Covariate adjustment in logistic mixed models: Is it worth the effort?

power
effect sizes
logistic regression
mixed-effects models
R
Author

Jan Vanhove

Published

September 2, 2015

The previous post investigated whether adjusting for covariates is useful when analysing binary data collected in a randomised experiment with one observation per participant. This turned out to be the case in terms of statistical power and obtaining a more accurate estimate of the treatment effect. This posts investigates whether these benefits carry over to mixed-effect analyses of binary data collected in randomised experiments with several observations per participant. The results suggest that, while covariate adjustment may be worth it if the covariate is a very strong determinant of individual differences in the task at hand, the benefit doesn’t seem large enough to warrant collecting the covariate variable in an experiment I’m planning.

Background

I mostly deal with binary dependent variables – whether a word was translated correctly (yes or no), for instance. When each participant contributes only a single datapoint, binary data can be analysed using logistic regression models. More often than not, however, participants are asked to translate several words, i.e. several datapoints are available per participant. This ‘clustering’ needs to be taken into account in the analysis, which is where logistic mixed-effects models come in (see Jaeger 2008 for a rundown).

For a new experiment I’m planning, it’d be useful to know whether I should collect between-subjects variables (the participants’ language skills) that are likely to account for inter-individual differences in translation performance but that don’t interest me as such. What interests me instead is the effect of the learning condition, to which the participants will be assigned randomly. Nonetheless, as the previous post shows, accounting for important if uninteresting covariates could be beneficial in terms of power and the accuracy of the estimated treatment effect.
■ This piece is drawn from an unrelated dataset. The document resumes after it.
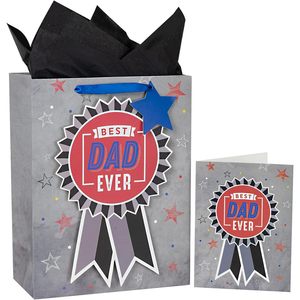 MAYPLUSS 13 Inch Gift Bag With Card And Tissue Paper Grey Medal Design For Fathers Day - Product Image 1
However, when analysing an earlier experiment, I noticed that including covariates did not really affect the estimate of the treatment effect nor its standard error. Since collecting these variables will lengthen the data collection sessions, it’d be useful to know whether the additional time and effort are actually worth it from a statistical point of view. I didn’t find much in the way of readable literature that addresses this questions, so I ran some simulations to find out.

Set-up

The set-up for the simulations is as follows. Sixty German-speaking participants are randomly and evenly assigned to either the experimental or the control condition. During training, the participants in the experimental condition are exposed to a series of Dutch–German word pairs, some of which feature a systematic interlingual correspondence (e.g. Dutch oe = German u as in ‘groet’–‘Gruss’). The participants in the control group are exposed to comparable word pairs without this interlingual correspondence. During testing, all participants are asked to translate previously unseen Dutch words into German. The target stimuli are those that contain Dutch oe, and the question is whether participants in the experimental condition are more likely to apply the interlingual correspondence when translating these words than the participants in the control group. After the experiment, all participants take a German vocabulary test, which a previous study had suggested to be a strong predictor of interindividual differences in this kind of task.

Settings

The technical detals of the simulation are available here.

Update (2023-08-27): I slightly modified the R code and reran the simulations. You now find the R code at the bottom of this post.

While I’d be chuffed if someone would go through it with the fine-toothed comb, the general idea is this. I took data from a previous experiment similar to the one I’m planning and fitted a model to this dataset. On the basis of the fitted model, I generated new datasets for which I varied the following parameters:

  • the number of target stimuli: 5 vs. 20 items per participant;
  • the size of the effect of the between-subjects covariate: realistic (a slope of 0.1) and hugely exaggerated (slope of 1.0). The slope of 0.1 is ‘realistic’ in that it is pretty close to the covariate effect found in the original study. The simulations with the much larger covariate effect were run in order to gauge power in situations were large inter-individual differences exist that can, however, be captured using a covariate.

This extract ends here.